There’s a butcher in this back story. Danny Coogan and his wife Gillian rear cattle on their farm and turn them into meat at their abattoir Coogan Meats. Some of their brisket goes to Gillian’s brother William Monaghan’s new cafe in Dublin, where it’s cooked into juicy threads in the kitchen. This might look like a cookie-cutter coffee place but in one important dish it’s one of the few farm-to-fork operations in the country.

One Society is on Gardiner Street in Dublin’s north inner city. It’s in the corner ground floor of one of the new buildings that have popped up in this part of the city, the neighbour to a new student housing block.

South of the river, at our local student housing compound, Deliveroo bikes often provide the only sign that life inside these blocks is sentient and in need of food.

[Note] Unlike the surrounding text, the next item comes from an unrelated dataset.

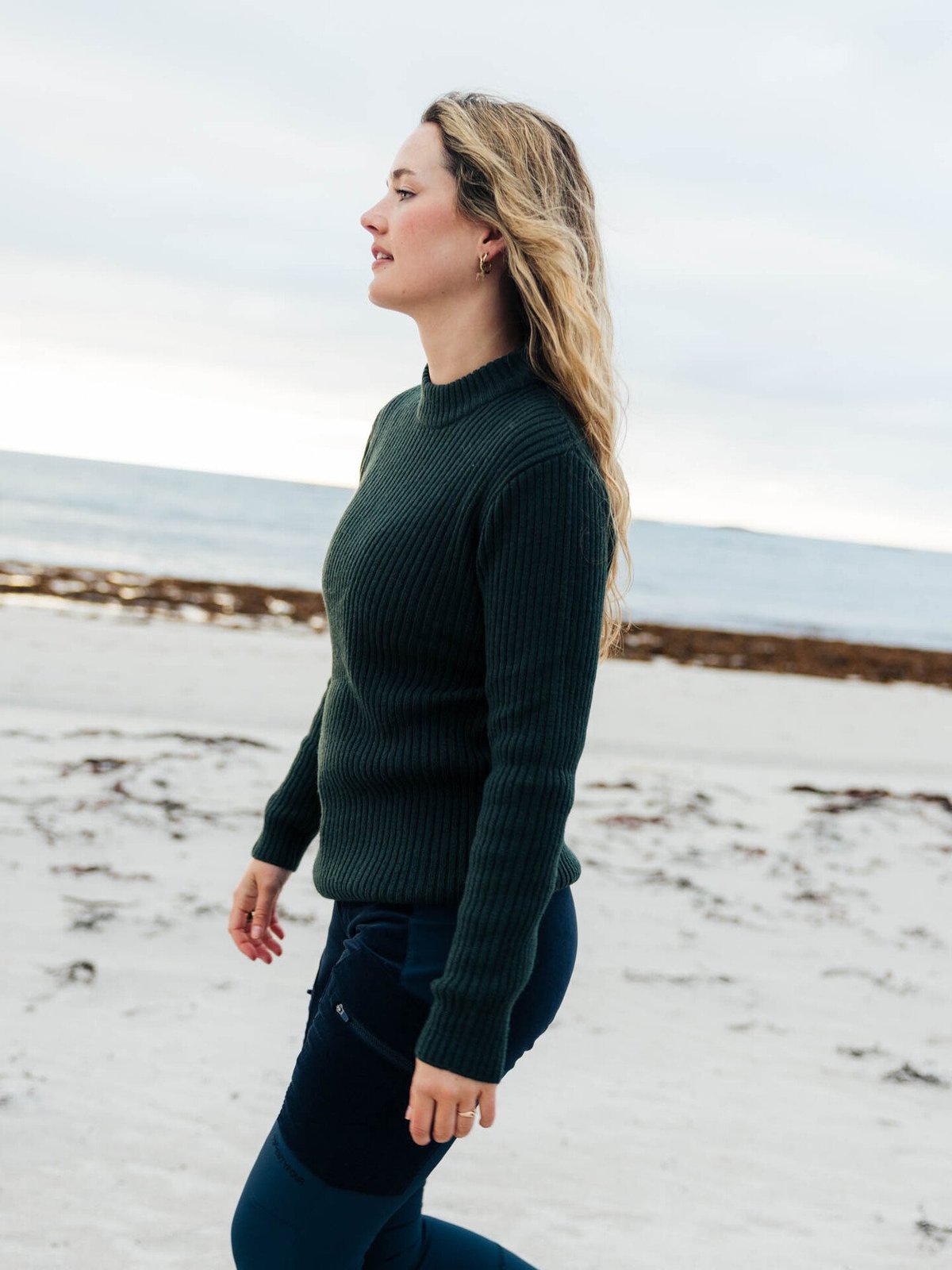 Twentyfour Mode Rib RN Sweater Dyp Grønn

Our student silo has branded film slapped on the inside of all its street-level glass frontage, which sucks life and soul out of any public realm that could have been created. There isn’t even a Spar to add to the local sum of happiness, employment or amenity.

So One Society is a welcome sight, not least because it’s the end point of an epic bike journey through sideways hail and bad driving. But also because it’s the kind of place I imagined might be spawned by the arrival of hundreds of new people. The furniture is all steel and repurposed timber, a curved wooden bench with cushions in the prow of the building and a tiled pizza oven which gets fired up at 4pm. Until then it’s a brunch-and-lunch menu with a couple of showstoppers to lift it out of the pancakes and avo-toast bracket.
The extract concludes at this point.